> **ASSIGNMENT**:
Nothing but the lines from the one containing "シド 表参道(s.i.d) 韓国アイドルヘアメイク韓国メイクヨシンモリ" through the one containing "白色t恤挂在木制衣架上图片下载", both included, should be given again, each exactly as written below.

Stored items from a collection:

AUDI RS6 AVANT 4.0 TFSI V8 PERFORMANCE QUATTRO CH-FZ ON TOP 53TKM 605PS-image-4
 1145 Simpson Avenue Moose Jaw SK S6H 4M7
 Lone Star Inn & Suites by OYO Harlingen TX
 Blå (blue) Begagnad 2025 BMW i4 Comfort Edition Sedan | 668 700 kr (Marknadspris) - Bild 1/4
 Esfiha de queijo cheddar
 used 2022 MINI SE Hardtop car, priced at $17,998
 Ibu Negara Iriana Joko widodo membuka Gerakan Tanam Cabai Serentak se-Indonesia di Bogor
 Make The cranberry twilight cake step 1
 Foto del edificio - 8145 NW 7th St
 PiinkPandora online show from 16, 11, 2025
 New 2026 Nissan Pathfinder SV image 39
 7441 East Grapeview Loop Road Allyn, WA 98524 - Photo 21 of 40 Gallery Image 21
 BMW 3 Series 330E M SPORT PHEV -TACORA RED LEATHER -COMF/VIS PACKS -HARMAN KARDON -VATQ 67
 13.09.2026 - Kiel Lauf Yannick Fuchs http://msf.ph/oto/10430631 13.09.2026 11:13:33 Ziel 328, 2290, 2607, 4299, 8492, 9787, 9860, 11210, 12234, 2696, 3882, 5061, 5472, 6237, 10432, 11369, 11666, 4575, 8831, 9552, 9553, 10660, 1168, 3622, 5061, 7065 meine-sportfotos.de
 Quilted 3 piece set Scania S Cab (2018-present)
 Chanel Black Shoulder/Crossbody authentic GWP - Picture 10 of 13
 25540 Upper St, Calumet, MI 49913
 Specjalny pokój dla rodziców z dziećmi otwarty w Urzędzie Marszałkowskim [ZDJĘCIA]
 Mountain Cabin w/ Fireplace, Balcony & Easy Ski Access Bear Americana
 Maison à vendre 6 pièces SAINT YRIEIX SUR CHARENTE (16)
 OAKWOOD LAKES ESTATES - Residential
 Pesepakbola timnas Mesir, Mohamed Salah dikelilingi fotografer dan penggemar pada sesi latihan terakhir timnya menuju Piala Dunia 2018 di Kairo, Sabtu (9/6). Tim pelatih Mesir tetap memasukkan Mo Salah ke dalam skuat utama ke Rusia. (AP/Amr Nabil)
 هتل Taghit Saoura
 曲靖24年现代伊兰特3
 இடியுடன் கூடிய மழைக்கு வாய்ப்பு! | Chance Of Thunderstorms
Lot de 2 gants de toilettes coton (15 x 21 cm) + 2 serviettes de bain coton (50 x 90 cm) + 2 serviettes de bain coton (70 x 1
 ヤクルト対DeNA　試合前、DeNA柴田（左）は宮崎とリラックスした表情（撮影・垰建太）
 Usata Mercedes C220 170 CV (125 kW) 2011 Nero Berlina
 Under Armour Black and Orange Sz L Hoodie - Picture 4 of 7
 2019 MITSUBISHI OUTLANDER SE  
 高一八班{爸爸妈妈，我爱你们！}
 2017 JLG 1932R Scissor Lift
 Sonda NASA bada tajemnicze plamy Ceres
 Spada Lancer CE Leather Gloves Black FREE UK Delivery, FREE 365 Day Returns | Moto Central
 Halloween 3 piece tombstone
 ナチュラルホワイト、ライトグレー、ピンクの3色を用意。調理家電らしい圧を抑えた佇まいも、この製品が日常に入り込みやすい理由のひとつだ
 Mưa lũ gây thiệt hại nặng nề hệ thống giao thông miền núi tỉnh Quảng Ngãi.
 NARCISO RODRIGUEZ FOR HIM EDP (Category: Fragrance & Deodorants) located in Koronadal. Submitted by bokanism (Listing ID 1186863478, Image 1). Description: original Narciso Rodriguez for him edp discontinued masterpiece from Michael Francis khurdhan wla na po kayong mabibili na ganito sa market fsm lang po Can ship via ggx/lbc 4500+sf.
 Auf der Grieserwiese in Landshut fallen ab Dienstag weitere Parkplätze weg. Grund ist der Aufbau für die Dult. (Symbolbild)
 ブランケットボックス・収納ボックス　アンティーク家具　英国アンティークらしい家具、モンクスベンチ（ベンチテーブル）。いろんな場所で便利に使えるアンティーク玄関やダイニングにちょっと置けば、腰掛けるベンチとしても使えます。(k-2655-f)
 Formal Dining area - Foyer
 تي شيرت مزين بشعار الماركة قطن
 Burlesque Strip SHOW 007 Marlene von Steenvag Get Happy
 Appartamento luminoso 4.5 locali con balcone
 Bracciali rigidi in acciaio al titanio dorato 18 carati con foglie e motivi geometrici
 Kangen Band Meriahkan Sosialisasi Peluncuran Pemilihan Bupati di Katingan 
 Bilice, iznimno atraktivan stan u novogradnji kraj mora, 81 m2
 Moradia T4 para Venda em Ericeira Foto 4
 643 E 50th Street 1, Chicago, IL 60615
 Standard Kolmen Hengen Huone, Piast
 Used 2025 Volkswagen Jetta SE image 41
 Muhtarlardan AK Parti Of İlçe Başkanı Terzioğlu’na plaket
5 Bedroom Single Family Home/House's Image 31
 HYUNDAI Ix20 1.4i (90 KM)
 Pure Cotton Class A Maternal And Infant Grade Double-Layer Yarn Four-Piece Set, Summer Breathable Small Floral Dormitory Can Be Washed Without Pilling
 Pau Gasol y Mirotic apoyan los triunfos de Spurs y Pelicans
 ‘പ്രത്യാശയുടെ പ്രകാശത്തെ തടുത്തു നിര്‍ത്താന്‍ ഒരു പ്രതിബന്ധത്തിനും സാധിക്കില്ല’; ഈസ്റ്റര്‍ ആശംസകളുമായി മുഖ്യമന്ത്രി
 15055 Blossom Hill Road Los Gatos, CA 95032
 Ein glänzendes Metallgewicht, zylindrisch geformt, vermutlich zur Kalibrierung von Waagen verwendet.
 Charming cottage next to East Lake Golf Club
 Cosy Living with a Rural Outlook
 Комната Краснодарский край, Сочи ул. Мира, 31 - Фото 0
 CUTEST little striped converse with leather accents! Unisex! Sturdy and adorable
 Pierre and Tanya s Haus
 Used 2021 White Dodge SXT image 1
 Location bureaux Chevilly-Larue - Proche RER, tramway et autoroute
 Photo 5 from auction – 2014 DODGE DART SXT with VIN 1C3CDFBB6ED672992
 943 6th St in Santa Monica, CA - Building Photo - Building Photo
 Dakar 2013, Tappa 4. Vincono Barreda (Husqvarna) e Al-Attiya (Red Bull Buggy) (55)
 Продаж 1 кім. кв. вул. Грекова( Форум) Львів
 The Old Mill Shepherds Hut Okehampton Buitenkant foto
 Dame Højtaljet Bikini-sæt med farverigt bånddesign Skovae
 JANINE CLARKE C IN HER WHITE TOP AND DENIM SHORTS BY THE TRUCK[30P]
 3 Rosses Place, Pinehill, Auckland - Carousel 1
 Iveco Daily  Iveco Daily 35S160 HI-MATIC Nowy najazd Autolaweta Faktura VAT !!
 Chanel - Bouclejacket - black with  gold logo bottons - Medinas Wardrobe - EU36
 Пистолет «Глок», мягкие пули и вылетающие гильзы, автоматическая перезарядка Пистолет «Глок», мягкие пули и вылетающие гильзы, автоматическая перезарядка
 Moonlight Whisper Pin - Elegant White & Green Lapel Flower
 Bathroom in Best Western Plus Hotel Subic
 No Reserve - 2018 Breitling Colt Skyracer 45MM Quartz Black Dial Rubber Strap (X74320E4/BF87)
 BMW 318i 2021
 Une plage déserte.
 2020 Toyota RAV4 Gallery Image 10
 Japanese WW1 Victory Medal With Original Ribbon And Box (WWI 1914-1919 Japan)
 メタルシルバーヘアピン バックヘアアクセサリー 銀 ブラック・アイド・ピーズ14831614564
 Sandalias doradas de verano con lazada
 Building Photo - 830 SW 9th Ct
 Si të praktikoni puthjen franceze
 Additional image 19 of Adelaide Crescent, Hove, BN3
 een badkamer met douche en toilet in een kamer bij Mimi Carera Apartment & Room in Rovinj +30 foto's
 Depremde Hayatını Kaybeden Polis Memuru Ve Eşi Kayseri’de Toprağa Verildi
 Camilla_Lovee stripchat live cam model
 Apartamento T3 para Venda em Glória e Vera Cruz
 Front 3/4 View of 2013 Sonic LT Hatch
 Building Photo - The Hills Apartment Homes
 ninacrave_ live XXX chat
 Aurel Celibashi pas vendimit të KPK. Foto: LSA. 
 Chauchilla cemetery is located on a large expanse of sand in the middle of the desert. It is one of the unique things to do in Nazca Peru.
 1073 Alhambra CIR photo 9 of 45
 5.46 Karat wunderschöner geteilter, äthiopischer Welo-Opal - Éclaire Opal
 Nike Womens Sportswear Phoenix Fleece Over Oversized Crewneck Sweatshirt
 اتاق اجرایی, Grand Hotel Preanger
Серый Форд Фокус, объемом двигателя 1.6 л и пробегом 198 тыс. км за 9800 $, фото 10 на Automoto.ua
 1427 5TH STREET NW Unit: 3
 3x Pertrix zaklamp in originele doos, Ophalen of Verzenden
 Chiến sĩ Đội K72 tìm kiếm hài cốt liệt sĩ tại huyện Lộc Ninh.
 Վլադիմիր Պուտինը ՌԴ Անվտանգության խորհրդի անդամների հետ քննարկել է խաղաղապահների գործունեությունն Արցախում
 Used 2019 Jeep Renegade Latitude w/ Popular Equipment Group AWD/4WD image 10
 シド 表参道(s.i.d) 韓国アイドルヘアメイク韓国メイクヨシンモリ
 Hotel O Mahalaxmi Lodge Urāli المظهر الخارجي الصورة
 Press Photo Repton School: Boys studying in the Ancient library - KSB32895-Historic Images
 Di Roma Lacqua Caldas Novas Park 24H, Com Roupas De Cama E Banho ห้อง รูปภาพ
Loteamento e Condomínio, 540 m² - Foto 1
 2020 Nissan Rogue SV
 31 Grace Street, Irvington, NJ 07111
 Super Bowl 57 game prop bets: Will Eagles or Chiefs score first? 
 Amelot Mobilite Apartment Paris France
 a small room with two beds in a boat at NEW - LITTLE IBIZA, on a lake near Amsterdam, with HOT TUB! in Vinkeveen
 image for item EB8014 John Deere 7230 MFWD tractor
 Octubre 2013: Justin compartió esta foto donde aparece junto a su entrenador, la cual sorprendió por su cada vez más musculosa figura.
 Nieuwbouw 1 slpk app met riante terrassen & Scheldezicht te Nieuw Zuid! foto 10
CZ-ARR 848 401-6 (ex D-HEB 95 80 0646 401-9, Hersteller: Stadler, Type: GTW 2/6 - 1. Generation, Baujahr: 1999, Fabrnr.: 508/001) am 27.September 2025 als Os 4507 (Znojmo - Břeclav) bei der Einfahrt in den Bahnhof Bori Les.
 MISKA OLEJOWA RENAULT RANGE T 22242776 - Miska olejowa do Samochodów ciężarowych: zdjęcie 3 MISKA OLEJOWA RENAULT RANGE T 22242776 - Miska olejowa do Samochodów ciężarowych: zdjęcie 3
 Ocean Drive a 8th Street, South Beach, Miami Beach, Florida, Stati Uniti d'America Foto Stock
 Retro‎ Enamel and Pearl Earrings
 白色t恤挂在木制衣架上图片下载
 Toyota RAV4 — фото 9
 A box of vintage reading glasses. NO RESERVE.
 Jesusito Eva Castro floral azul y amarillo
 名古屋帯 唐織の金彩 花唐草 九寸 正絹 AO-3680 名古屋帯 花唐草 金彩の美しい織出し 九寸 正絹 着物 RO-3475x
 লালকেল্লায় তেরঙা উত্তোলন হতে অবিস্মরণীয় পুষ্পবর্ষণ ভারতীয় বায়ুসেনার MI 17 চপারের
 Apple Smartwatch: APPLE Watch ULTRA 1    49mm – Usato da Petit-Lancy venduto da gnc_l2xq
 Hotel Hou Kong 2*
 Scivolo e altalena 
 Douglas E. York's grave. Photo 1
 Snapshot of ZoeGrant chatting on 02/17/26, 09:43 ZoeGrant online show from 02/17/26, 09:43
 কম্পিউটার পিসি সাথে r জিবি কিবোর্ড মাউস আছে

> **TASK ANSWER**:
 シド 表参道(s.i.d) 韓国アイドルヘアメイク韓国メイクヨシンモリ
 Hotel O Mahalaxmi Lodge Urāli المظهر الخارجي الصورة
 Press Photo Repton School: Boys studying in the Ancient library - KSB32895-Historic Images
 Di Roma Lacqua Caldas Novas Park 24H, Com Roupas De Cama E Banho ห้อง รูปภาพ
Loteamento e Condomínio, 540 m² - Foto 1
 2020 Nissan Rogue SV
 31 Grace Street, Irvington, NJ 07111
 Super Bowl 57 game prop bets: Will Eagles or Chiefs score first? 
 Amelot Mobilite Apartment Paris France
 a small room with two beds in a boat at NEW - LITTLE IBIZA, on a lake near Amsterdam, with HOT TUB! in Vinkeveen
 image for item EB8014 John Deere 7230 MFWD tractor
 Octubre 2013: Justin compartió esta foto donde aparece junto a su entrenador, la cual sorprendió por su cada vez más musculosa figura.
 Nieuwbouw 1 slpk app met riante terrassen & Scheldezicht te Nieuw Zuid! foto 10
CZ-ARR 848 401-6 (ex D-HEB 95 80 0646 401-9, Hersteller: Stadler, Type: GTW 2/6 - 1. Generation, Baujahr: 1999, Fabrnr.: 508/001) am 27.September 2025 als Os 4507 (Znojmo - Břeclav) bei der Einfahrt in den Bahnhof Bori Les.
 MISKA OLEJOWA RENAULT RANGE T 22242776 - Miska olejowa do Samochodów ciężarowych: zdjęcie 3 MISKA OLEJOWA RENAULT RANGE T 22242776 - Miska olejowa do Samochodów ciężarowych: zdjęcie 3
 Ocean Drive a 8th Street, South Beach, Miami Beach, Florida, Stati Uniti d'America Foto Stock
 Retro‎ Enamel and Pearl Earrings
 白色t恤挂在木制衣架上图片下载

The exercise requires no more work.